I’m not used to seeing my parents around all the time since childhood. I may speak of it casually today, but it wasn’t easy in the beginning.
I used to burst into tears seeing my mother get into her car with Papa and leave for office and scream from my room’s tiny little window. I was audible, but they left anyway.
Nani used to console me for hours and then treat me with my favourite meetha pua. That, by the way, happens to be my favourite memory of my childhood. I can still smell the hint of cinnamon. And then Nana, being an educator and author, introduced me to something he thought I might find solace in: books. And he was right.
The crying, however, continued for a few more years. And then what was supposed to happen happened. We got used to it. We got used to the physical absence of our parents since they were always so busy.
With absolutely no fault of ours, my sister and I had made our peace with it. Having Mumma and Papa away meant long hours of TV, meetha pua, reading, playing and, well, becoming each other’s best pals. And trust me, after years of crying in vain, we were done with complaining about it.
And you know what became troublesome then? Having our parents home on Sunday (working, because well, there was too much work). It might sound strange maybe, but there’s only one family vacation I can remember from my childhood days. Mumma and Papa said that ‘they were working for us’ and well, what argument could we give to that?
Also read: ‘Break the Pattern Before it Breaks You’
We simultaneously started focusing on school, participated in every co-curricular activity, doing as many stay backs, because we liked being in school and having company. Now this goes unsaid, but I’ll just say it anyway – my mother and father couldn’t even make it to our annual day functions or sports day, or any stage plays.
And yes, you guessed right, it was because they were busy. And no, we were not hurt. We had gotten used to it.
Now, both of us are in college, but because of this pandemic, we’re all home together. But things aren’t quite the same – there’s now a constant pressure on us to spend some time with everyone.
And when we are not able to deliver as expected, we get to hear remarks like:
‘They’ve become too cool to sit with us!’
‘Zyada hi badi ho gayi hai.’
I know of quite a few people who have been in situations like this while growing up, even if the factors varied here and there. My main motive of writing this piece was not to crib, but to simply acknowledge this huge gap that exists between parents and their kids.
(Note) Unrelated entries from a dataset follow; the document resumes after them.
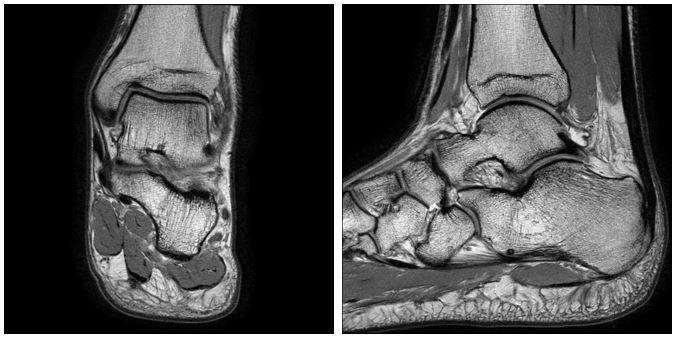 МРТ голеностопного сустава - Сеть клиник АО Семейный доктор - Изображение 1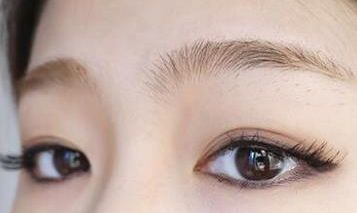 浙二醫(yī)院整形科包祺雙眼皮效果如何？專家簡介及成功案例分享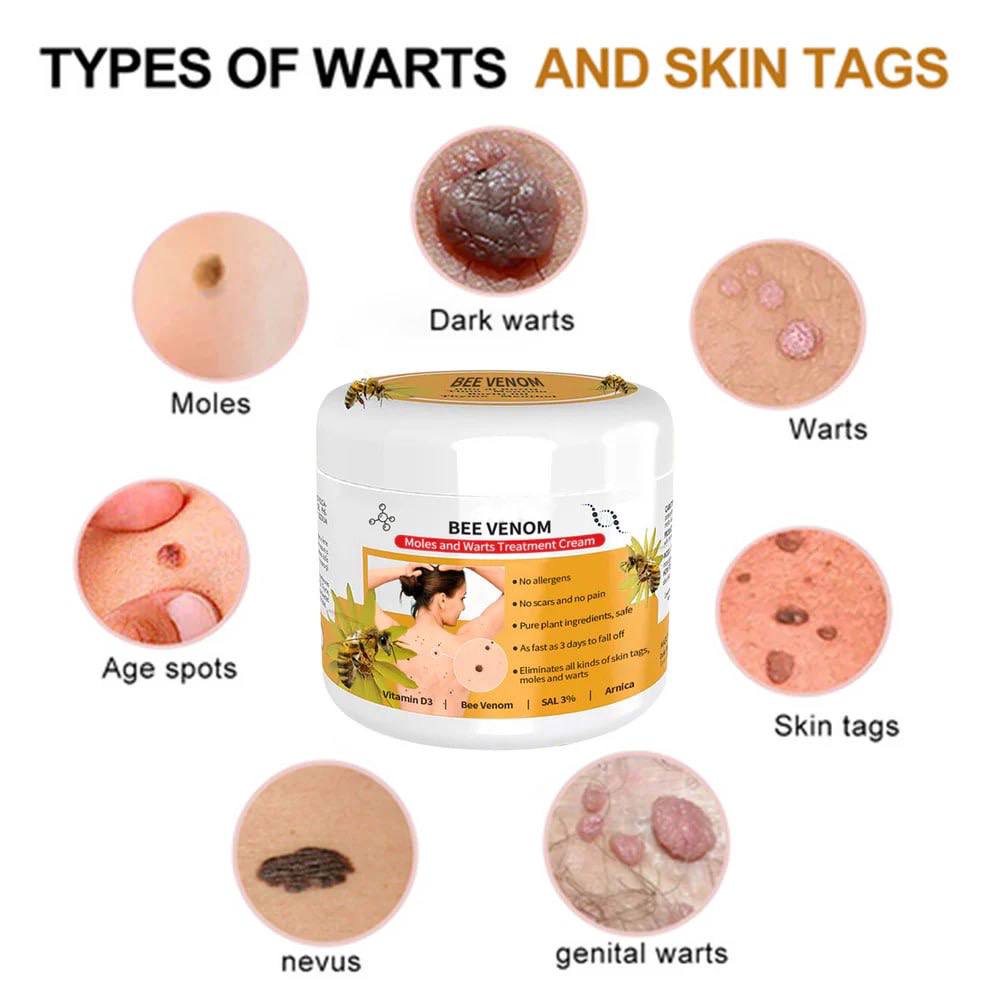 Zoe Bee Venom Mole And Wart Treatment Cream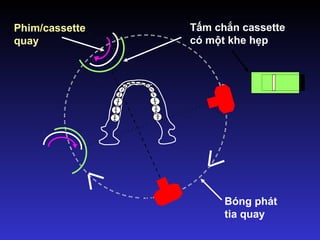 Tấm chắn cassette
có một khe hẹp
Bóng phát
tia quay
Phim/cassette
quay
 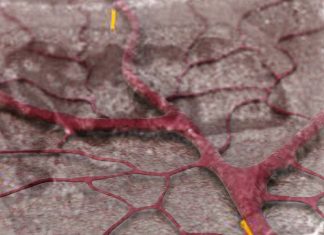 Post-COVID syndrome is associated with capillary alterations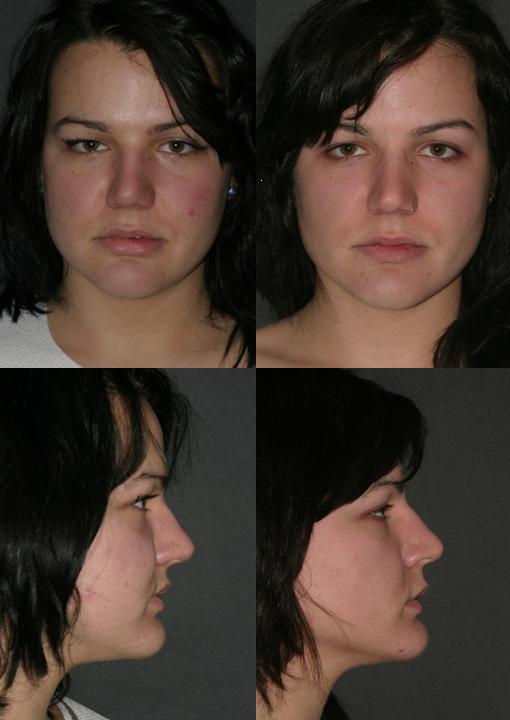 Before_%26_After_Buccal_Fat_Extraction.JPG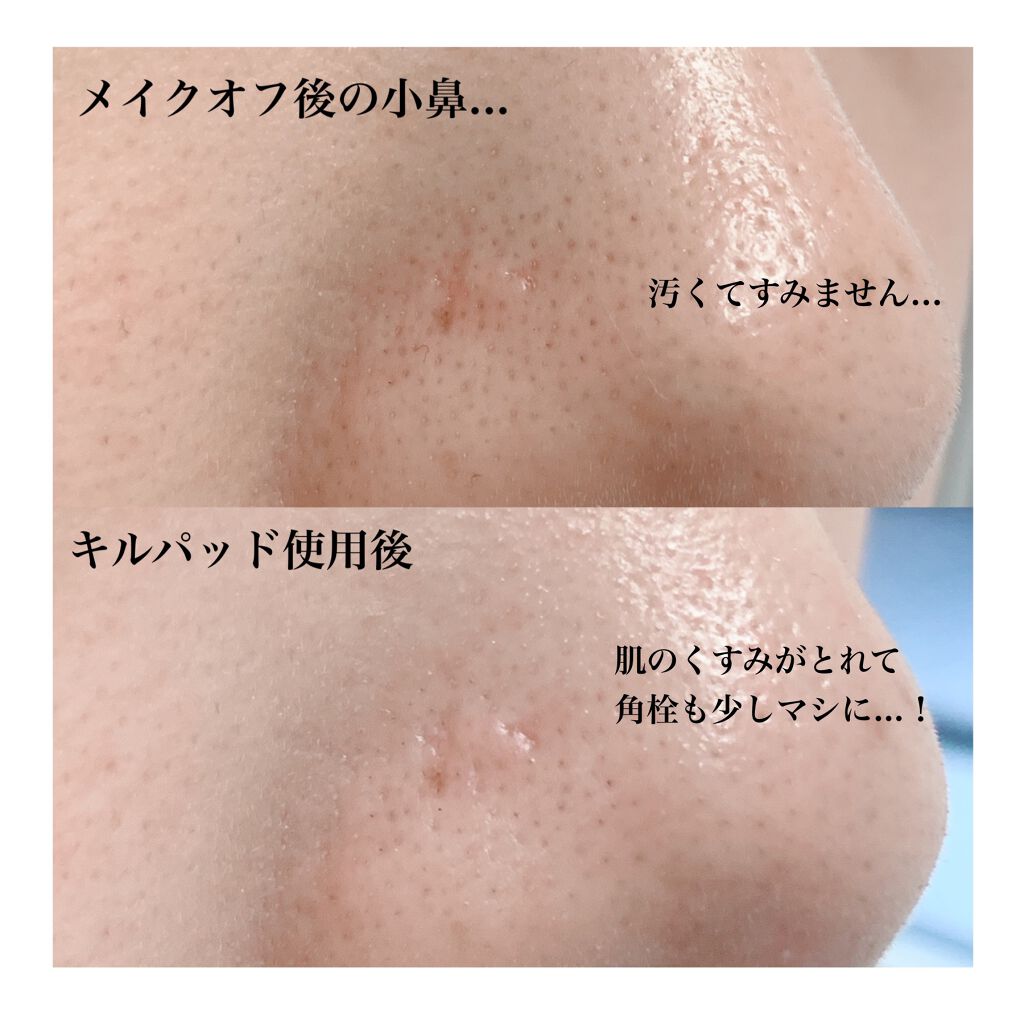 ブラックヘッド ピュア クレンジング オイル キルパッド/manyo/トナーパッドを使ったクチコミ(6枚目)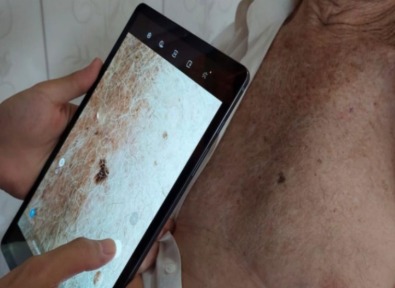 Avaliação de uma lesão Foto de uma mão segurando um celular apontado para uma lesão de pele em uma ação de avaliação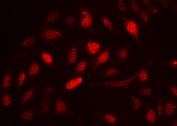 Immunofluorescence analysis of Cyclin A2 antibody in FFPE human U-2 OS cells. Cells demonstrate strong nuclear fluorescence signal consistent with Cyclin A2 localization in proliferating cells, with minimal cytoplasmic staining. The distribution pattern aligns with the known role of Cyclin A2 as a nuclear cell cycle regulator expressed during S phase and G2 phase. Heat-induced epitope retrieval was performed by steaming sections in pH 6 citrate buffer for 20 minutes prior to staining.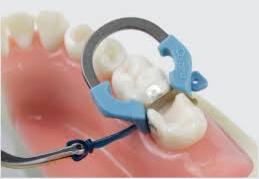 Dental matrix system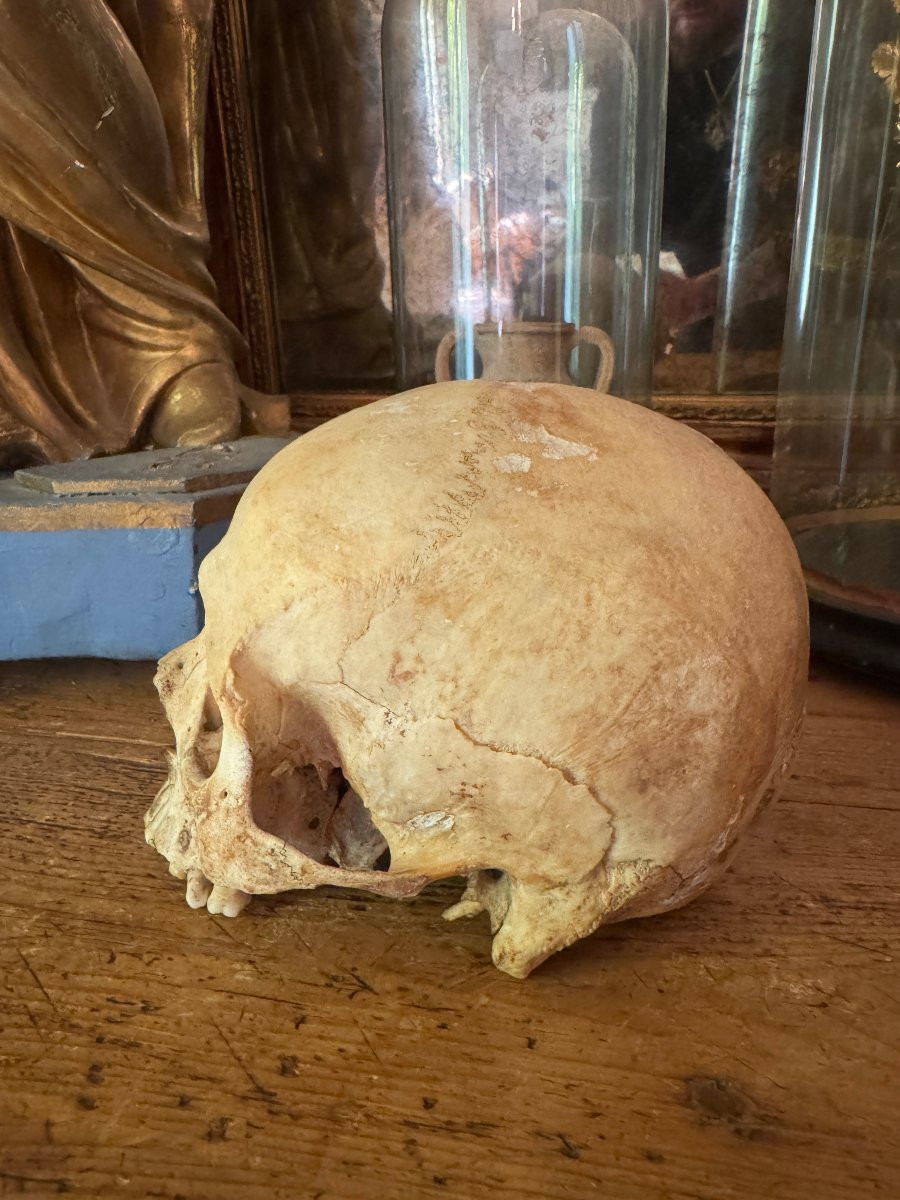 Cr&acirc;ne humain anatomique &ndash; Cabinet de curiosit&eacute;s &ndash; &Eacute;tude m&eacute;dicale &ndash; Vanit&eacute;, Memento Mori-photo-3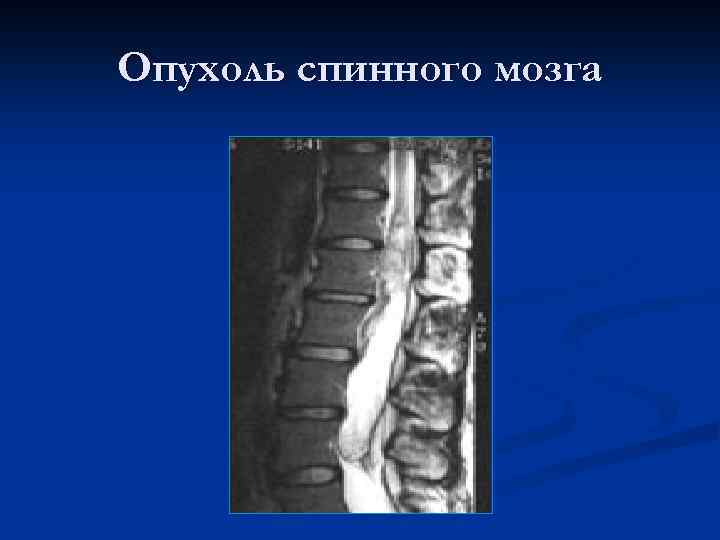 Опухоль спинного мозга 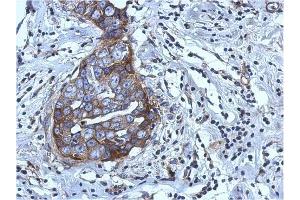 AP31123PU-N RGS4 antibody staining of Paraffin-Embedded Breast Carcinoma at 1/500 dilution. (RGS4 Antikörper  (AA 1-188))
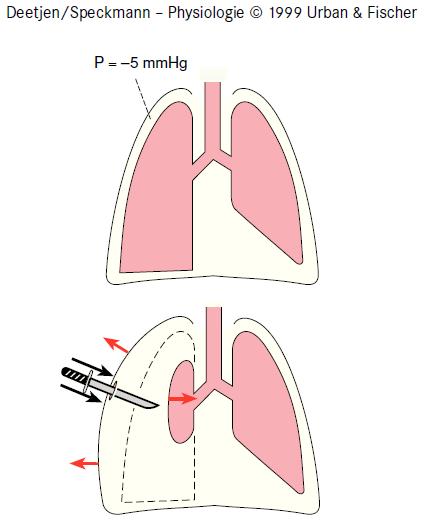 A tüdő elastic recoil demonstrációja: a légmell (Pneumothorax).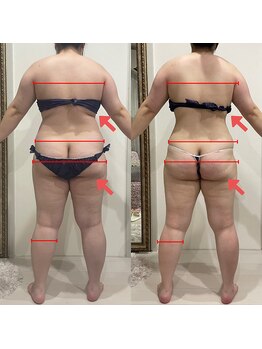 シュエットプラス(Chouette+)/体脂肪率45%越え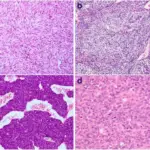 Synovial Sarcoma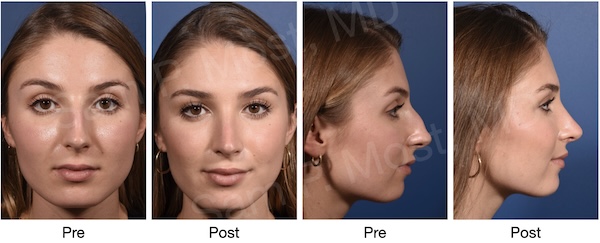 Before and after views of dorsal preservation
We didn’t want to stay away from you. You made us. And we became okay with that. No matter what reason you had, that doesn’t compensate for the fact that a communication gap exists – one that we grew comfortable with since you refused to give us the time of day. There’s also no point in playing a blame game or analysing why it happened in the first place. This gap happened, and we – all of us – let it happen. We’re all at fault. So what now?
Well, talking is always touted as a solution to any conflict and rightly so.
Parents, if you’re listening, talk to your children instead of passing remarks, and help them let go of this anger they have for you . Sounds complex? It’s the easiest way out. Didn’t get time to do family stuff earlier, well, you’ve now got a decent amount of time till I don’t know when. Turn this quarantine into a boon for your family.
It’s important to start such conversations, even if it is only for your own peace. After all, we’re the generation that has been breaking the silence on mental health and wellbeing.
Now that I’m finishing college and will be joining the working world soon, I understand my parent’s point of view and I respect their struggle a bit better. However, I might still be a little hurt, and that’s okay.
Your parents will probably have a tough time realising this and initiating such a process, after all, they most likely never intentionally widened the gap.
We are so used to keeping our parents on a pedestal that we expect to see godly traits in them. But that’s not right, they’re human as well. They’re imperfect, just like we’re imperfect.